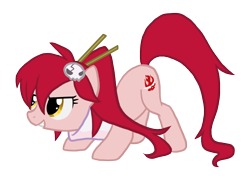 Size: 1520x1096 | Tagged: safe, artist:dawnfire, ponified, simple background, solo, tengen toppa gurren lagann, transparent background, yoko littner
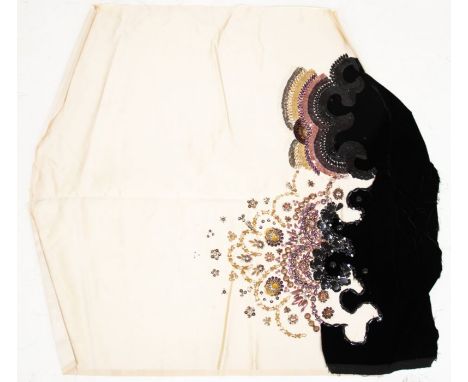 Sir Norman Hartnell (1901-79) - an iconic hemline panel from the House of Hartnell, the sample piece is embellished with blac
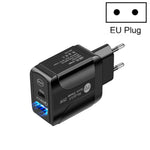 Bộ sạc nhanh PD25W USB-C / Type-C + QC3.0 USB hai cổng, phích cắm EU, phích cắm EU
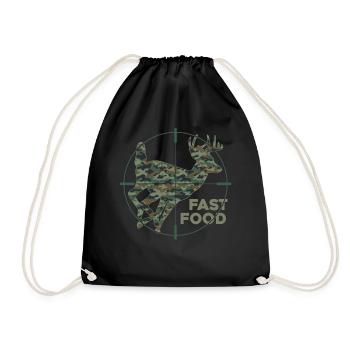 Buck Deer Hunting Hunter Vintage - Drawstring Bag - black - Front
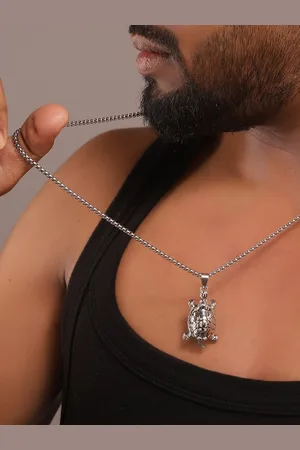 Roadster Silver-Plated Turtle Texture Pendant & chain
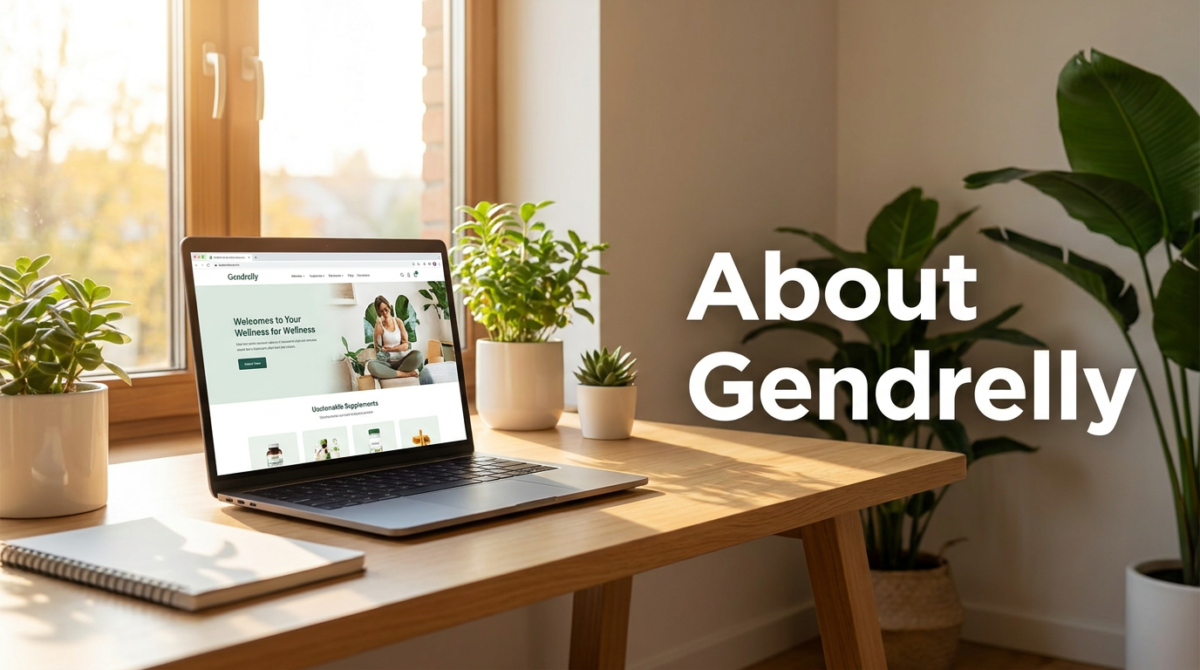 About gendrelly: Blog cover image for the Gendrelly About page. Clean bright modern home office workspace with a laptop, open notebook, and green plants in warm natural light, representing the independent editorial team behind Gendrelly wellness content. Text overlay on the right reads: About Gendrelly. Created for American adults who want to learn more about the independent health and wellness educational platform behind Gendrelly metabolism, prostate health, and blood sugar informational content.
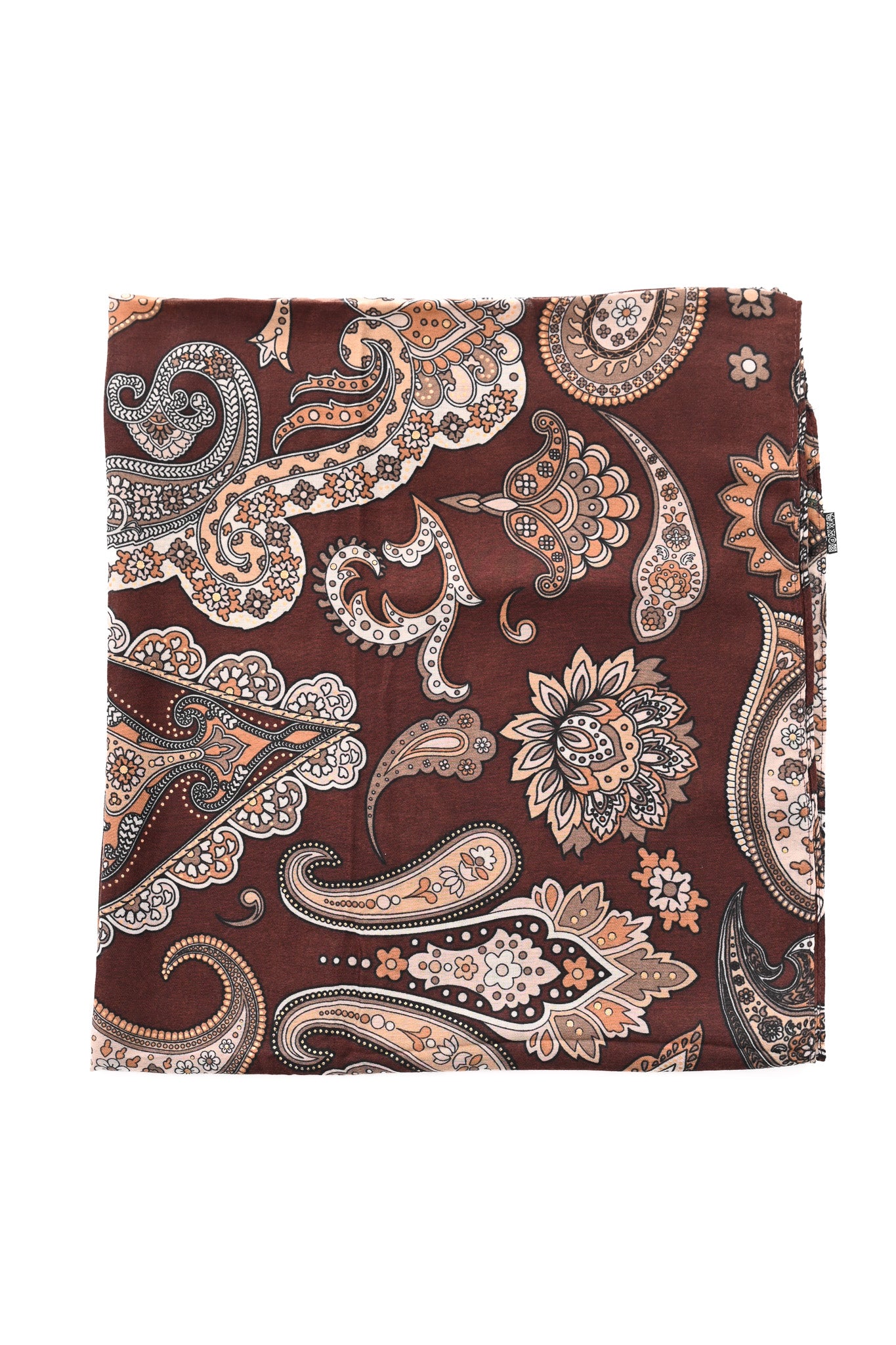 Sjaal paisley print donkerbruin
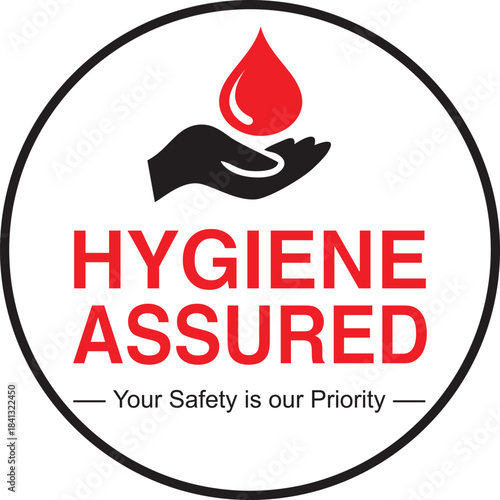 Hygiene assured vector illustration with hand and water drop symbol, emphasizing safety as a priority in a clean and health-focused environment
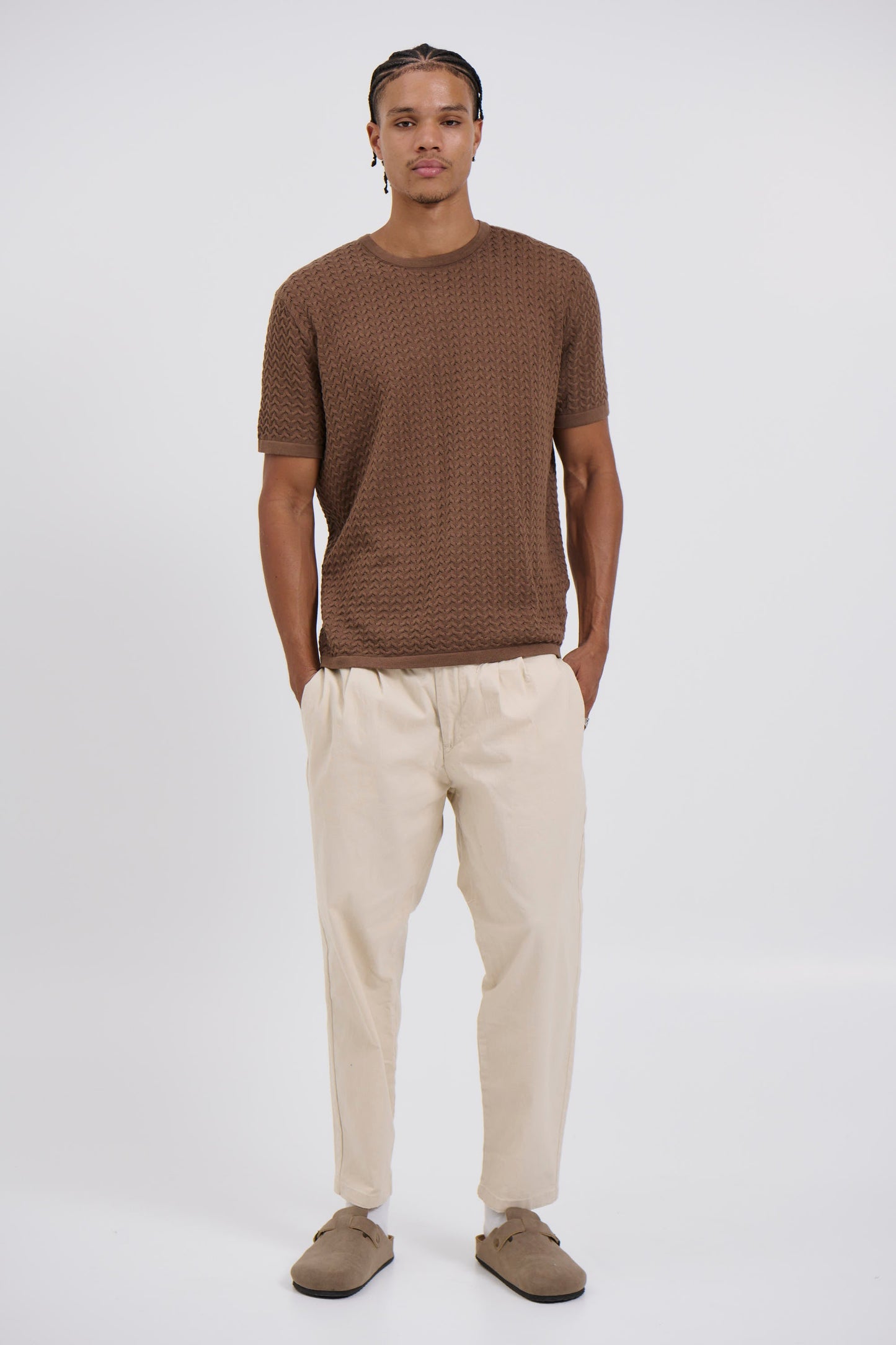 Carter Knitted Crew Tee Choc - FINAL SALE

**WHAT THE EXERCISE ASKS:** Print the stretch of the data from the line with "Hygiene assured vector" through its last line, exactly and with both ends kept. Omit pictures.

**WRITTEN ANSWER:**
 Hygiene assured vector illustration with hand and water drop symbol, emphasizing safety as a priority in a clean and health-focused environment
 Carter Knitted Crew Tee Choc - FINAL SALE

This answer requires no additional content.